Dietary changes and cholesterol

I guess this is a question for the doctors here, but I’m NOT asking for medical advice. Have there been any studies which measure how long it takes for dietary changes to affect cholesterol levels? I can’t seem to find the right search terms, or maybe there are no studies.

The question really is, how long until you reach a new steady state, I guess. I imagine it doesn’t take too long to make some change. For example, let’s say my total cholesterol is 257 and I make some changes to my diet. Hypothetically, the changes to the diet should lower my cholesterol by, say, 10%, to around 230. When will the levels settle there?

Over 3 months I dropped mine over 30 points just by eating a bowl of oatmeal for breakfast every day.

Congratulations! However, and I mean this without snark, I’m really looking for studies done that look at the time it takes for cholesterol levels to reach a new level, not for anecdotes.

Note that for a solid minority, what you eat has little effect on your levels, your levels may be set more by your genes that your gut.

In general, don’t expect big changes until you have been on the diet for six months.

Here’s a study that seems to show some reduction after 3 months, and additional reduction after one year.

I understand. :slight_smile: Was mostly replying to the 2nd part of the OP.

Understood.

Perfect, thanks. So, if the non-doctor is right that it may be controlled by genes, a test at three months could indicate whether dietary changes will do any good. If those changes are helping, the full effect may not be known for six months or a year.

Decent summation.

In the late 1990s, I worked for Quaker Oats; in 1997, the FDA approved a cholesterol-reduction claim for oatmeal.
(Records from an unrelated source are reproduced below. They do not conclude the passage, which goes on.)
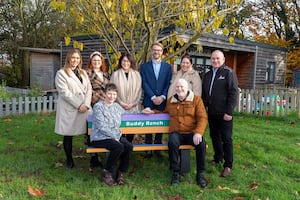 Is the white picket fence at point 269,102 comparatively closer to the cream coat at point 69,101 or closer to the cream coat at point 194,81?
the cream coat at point 194,81

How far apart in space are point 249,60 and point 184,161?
16680mm

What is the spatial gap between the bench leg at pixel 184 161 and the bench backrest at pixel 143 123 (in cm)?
48

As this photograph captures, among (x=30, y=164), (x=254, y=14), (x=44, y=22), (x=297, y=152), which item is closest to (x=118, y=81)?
(x=30, y=164)

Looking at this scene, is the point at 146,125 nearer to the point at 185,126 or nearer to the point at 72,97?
the point at 185,126

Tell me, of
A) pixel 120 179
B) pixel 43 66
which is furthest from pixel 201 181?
pixel 43 66

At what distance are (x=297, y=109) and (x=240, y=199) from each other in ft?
27.2

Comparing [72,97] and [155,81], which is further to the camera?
[155,81]

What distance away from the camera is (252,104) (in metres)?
12.0

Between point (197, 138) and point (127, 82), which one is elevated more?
point (127, 82)

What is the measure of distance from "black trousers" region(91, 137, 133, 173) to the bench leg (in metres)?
0.80

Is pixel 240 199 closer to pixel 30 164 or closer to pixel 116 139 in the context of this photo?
pixel 116 139

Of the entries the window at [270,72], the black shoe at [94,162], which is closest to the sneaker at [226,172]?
the black shoe at [94,162]

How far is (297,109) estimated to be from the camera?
11.1 m

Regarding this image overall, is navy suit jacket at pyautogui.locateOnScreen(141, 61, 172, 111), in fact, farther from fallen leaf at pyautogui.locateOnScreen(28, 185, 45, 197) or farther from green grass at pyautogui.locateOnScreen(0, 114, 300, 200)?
fallen leaf at pyautogui.locateOnScreen(28, 185, 45, 197) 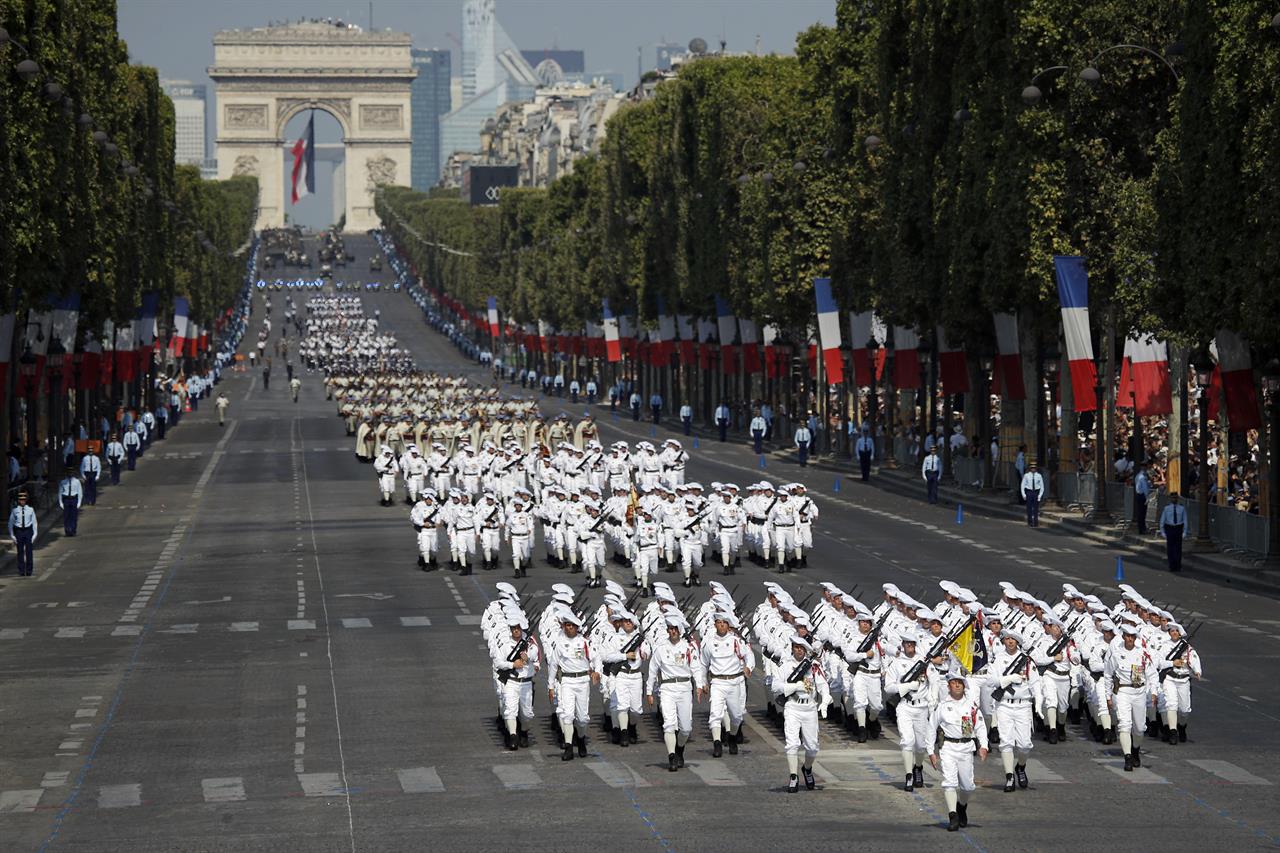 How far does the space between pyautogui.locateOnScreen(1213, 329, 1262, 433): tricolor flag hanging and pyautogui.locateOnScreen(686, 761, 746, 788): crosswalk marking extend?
23.4m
As part of that claim, we were allowed to point to clinical research which showed that eating oatmeal* every day for 30 days led to an average reduction in overall cholesterol levels of about 15 points.

We did a series of ads (and PR outings) called “The Smart Heart Challenge”, where we’d go to various towns, and get the local residents to sign up for a 30-day program, and get their cholesterol levels checked before and after. Generally speaking, people who stuck with it for 30 days did usually see results along those lines. But, there was certainly variation in this. The average was 15 points or so, but some people (as DrDeth suggests above) didn’t see a drop at all, while others had a bigger drop.

*- This was a good-sized bowl of oatmeal, about 1 1/2 times the “serving size” on a box of regular oats, or about 3 packets of instant oatmeal.

Minority reporting in here - I’m slim and somewhat athletic, but I have always had a relatively high count, going back to when I was first tested in my early 20’s. It’s completely independent of diet - I can eat ‘well’ and watch the count go up, or eat poorly and watch it go down. The other way around happens also.

I do have a moderately high ‘good’ cholesterol, so my family doctor has never been worried about my total count.

That’s important. I hear so much about high cholesterol, but not the different factions of cholesterol. If you have high HDL naturally your total cholesterol will be higher. The ratio is what’s important. Borderline is 4:1’ i.e. total cholesterol 200, HDL 50. Better is 3:1 (total cholesterol 200, HDL 67. Best is 2:1 or greater (total cholesterol 200, HDL 100). Your liver synthesizes cholesterol because cholesterol is needed for various reasons. Note that ingestion of cholesterol is a minor player in total cholesterol. Eating meat and fats is the important factor. For example, trans fats increases LDL and decreases HDL, just the opposite of what you want. Saturated fats increase LDL, and unsaturated fats have various other effects, whether they are polyunsaturated or monounsaturated. Niacin (over the counter), which is a B vitamin, is good for lowering LDL cholesterol. LDL cholesterol also has various factions, and it very low-density cholesterol which is the worst because that tends to adhere to blood vessel walls. The HDL helps clean the wall.